TONEY ZACHWYCONY MOŻLIWOŚCIĄ REWANŻU

Redakcja, World Boxing News

2013-12-11

Dopiero przedwczoraj informowaliśmy Was o tym, że 21 grudnia w Moskwie może dojść do rewanżu Roya Jonesa Jr (56-8, 40 KO) z Jamesem Toneyem (76-9-3, 46 KO). Obaj panowie skrzyżowali już rękawice blisko dwie dekady temu - w listopadzie 1994 roku. Byli jeszcze obaj niepokonani, a Jones pokonał Toneya wysoko na punkty, posyłając go nawet raz na deski.

Popularny "Lights Out" od tamtej pory domagał się drugiej potyczki, pałając żądzą rewanżu. Na wieść o takiej możliwości wypalił w swoim stylu kilka "uprzejmości" w kierunku dawnego rywala.

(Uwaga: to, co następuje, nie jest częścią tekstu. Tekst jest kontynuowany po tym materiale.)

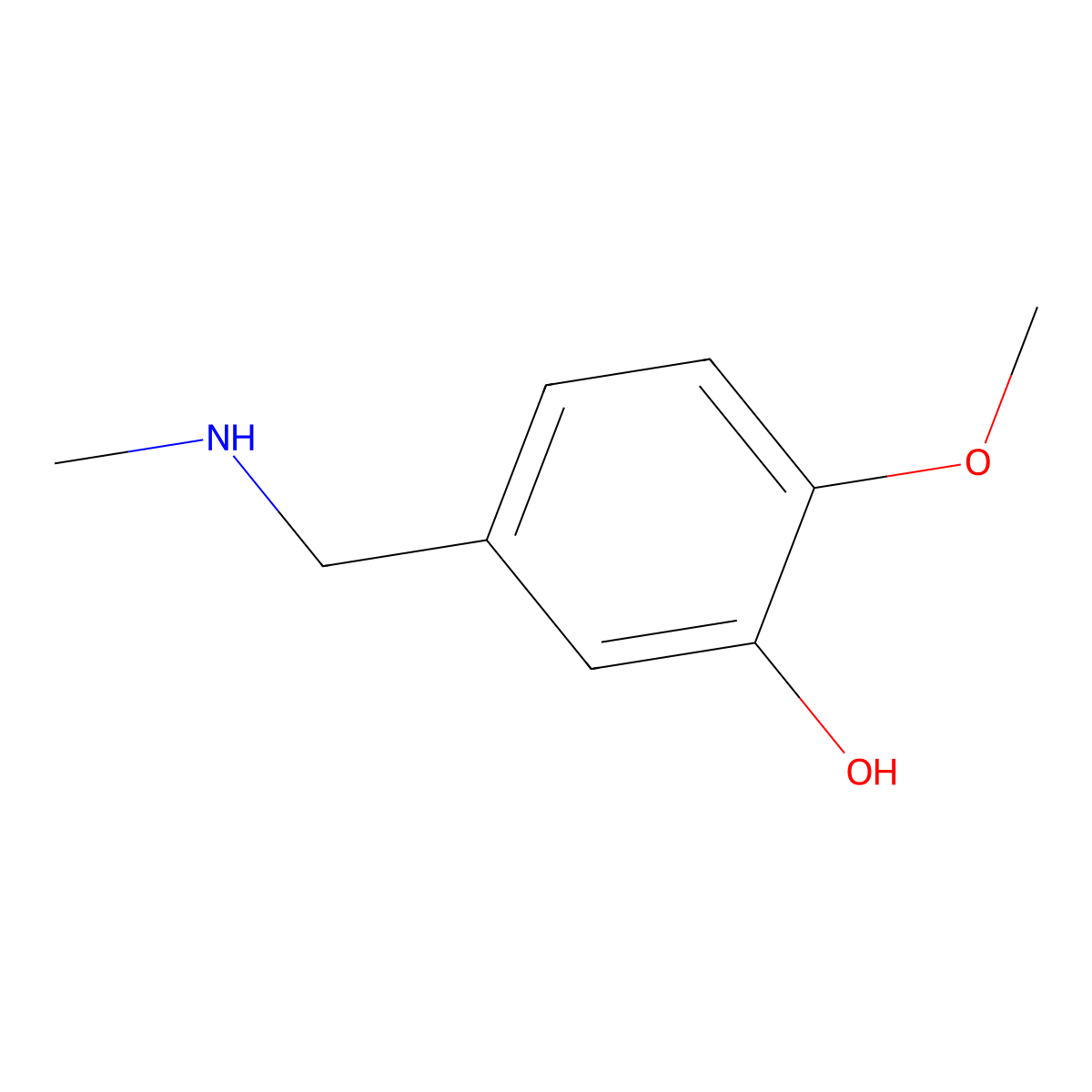 2-Methoxy-5-[(methylamino)methyl]phenol molecular structure, CAS 54542-57-3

- Po prostu nie mogę w to uwierzyć. Temu tchórzowi w końcu wyrosły jaja by zmierzyć się ze mną ponownie. Czekam na to od blisko dwudziestu lat. Jak tylko dostanę kontrakt, od razu go podpisuję. Mam więc nadzieję Roy, że nie uciekniesz jak wcześniej. Przygotuj się, bo przyjeżdżam spuścić ci mocny wp....l. Obiecuję ci to - powiedział Toney.

- Znam Jamesa od dawna, ale nigdy jeszcze nie widziałem go tak zmotywowanego i zdeterminowanego. Może tylko z wyjątkiem walki z Evanderem Holyfieldem. On naprawdę od dwóch dekad myśli o tym rewanżu - przyznał bliski przyjaciel i współpracownik boksera, John Arthur.

- Czekamy na odpowiedź ze strony Władimira Hriunowa, ale zastrzegam, że cały nasz obóz jest na tak - dodał menadżer Toneya, Steve Tannenbaum.